The obvious option is partial backing of one currency with gold, as with the dollar before 1971, when 25% of the money supply was allegedly backed. The new reserve currency would not necessarily be the dollar, because after a dollar crash people probably wouldn’t want anything to do with them, and America would not be seen as economically reliable. The Euro, Renminbi, or perhaps a new currency issued by the IMF are possibilities. Whichever currency it was, a problem with partial backing is that it allows room for sliding – why not 20%, or 15%, ‘just to get us through these hard times’? And without policing, we could not be sure that too much money was being printed compared to the gold reserves. Backing of only one currency perhaps gives the relevant country too much power and influence, as we have seen with the dollar, which even with its unbacked reserve status has allowed America to rack up huge debts at the expense of other countries. Having only one currency backed by gold, or indeed other precious metals, is that the other currencies are still at risk of having to be revalued and of being over-printed. Partial backing also allows uncertainty in the event of a collapse in confidence, as not all holders of the currency could redeem their money for precious metals.

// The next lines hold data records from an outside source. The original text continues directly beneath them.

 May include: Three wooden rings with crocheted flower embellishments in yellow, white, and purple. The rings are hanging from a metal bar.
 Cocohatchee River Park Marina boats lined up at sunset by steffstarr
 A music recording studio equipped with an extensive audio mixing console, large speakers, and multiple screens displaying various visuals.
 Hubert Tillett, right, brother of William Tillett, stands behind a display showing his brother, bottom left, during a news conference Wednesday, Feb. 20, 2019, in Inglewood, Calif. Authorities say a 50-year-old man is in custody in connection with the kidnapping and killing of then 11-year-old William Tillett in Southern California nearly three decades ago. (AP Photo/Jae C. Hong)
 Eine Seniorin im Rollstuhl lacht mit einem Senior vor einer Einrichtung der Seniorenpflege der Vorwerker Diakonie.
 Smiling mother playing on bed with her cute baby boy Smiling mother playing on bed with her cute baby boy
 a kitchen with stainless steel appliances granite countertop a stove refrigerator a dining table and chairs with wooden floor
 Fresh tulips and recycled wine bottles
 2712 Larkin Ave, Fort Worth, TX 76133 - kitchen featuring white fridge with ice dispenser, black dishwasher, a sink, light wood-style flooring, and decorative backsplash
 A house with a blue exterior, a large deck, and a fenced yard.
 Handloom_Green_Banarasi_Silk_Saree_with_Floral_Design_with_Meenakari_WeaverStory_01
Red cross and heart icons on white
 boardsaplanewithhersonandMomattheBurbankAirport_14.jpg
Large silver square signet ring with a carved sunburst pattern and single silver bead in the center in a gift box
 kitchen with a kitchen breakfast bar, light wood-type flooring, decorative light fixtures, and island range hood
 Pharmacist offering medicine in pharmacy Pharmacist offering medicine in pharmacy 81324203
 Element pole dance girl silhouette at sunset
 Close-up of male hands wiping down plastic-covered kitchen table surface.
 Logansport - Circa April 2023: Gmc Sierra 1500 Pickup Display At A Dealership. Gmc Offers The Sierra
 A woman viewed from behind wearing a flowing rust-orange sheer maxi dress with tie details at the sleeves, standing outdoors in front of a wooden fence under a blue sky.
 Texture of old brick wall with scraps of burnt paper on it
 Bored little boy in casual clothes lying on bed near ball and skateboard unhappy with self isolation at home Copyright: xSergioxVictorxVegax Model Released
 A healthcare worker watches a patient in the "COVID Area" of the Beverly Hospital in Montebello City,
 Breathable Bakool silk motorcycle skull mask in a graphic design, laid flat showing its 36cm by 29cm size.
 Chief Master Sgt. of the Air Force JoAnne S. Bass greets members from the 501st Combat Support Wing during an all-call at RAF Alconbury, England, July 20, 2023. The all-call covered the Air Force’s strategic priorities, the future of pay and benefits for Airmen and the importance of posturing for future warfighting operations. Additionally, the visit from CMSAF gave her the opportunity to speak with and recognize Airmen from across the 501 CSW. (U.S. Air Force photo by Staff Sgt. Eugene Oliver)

100% backing would get round these problems, rather like the ‘Liberty Dollar’ currently in use in America, which is 100% backed by silver. This system does not allow the kind of over-lending and inflation problems that we have seen in recent years. Hardly anyone, except in times of economic crisis, would in reality bother redeeming their currency for metals, apart from those needing them for some practical use – the important thing is that the metals are there to back the currency. Having all currencies fully or even partially backed would bring more global stability, but this would need policing, and it would be difficult for countries starting off with small reserves of metals. This system would also tie up most of the world’s precious metals in bank vaults, creating shortages for their many real-world uses.
If all currencies were 100% backed by precious metals, you’d have to wonder why you were bothering, and why you didn’t cut out the middleman and just use the precious metals directly. This is the most honest and trustworthy system, and no doubt would be welcomed by many people whose wealth during a future meltdown had been destroyed by inflation. However, using precious metals directly is not without its drawbacks.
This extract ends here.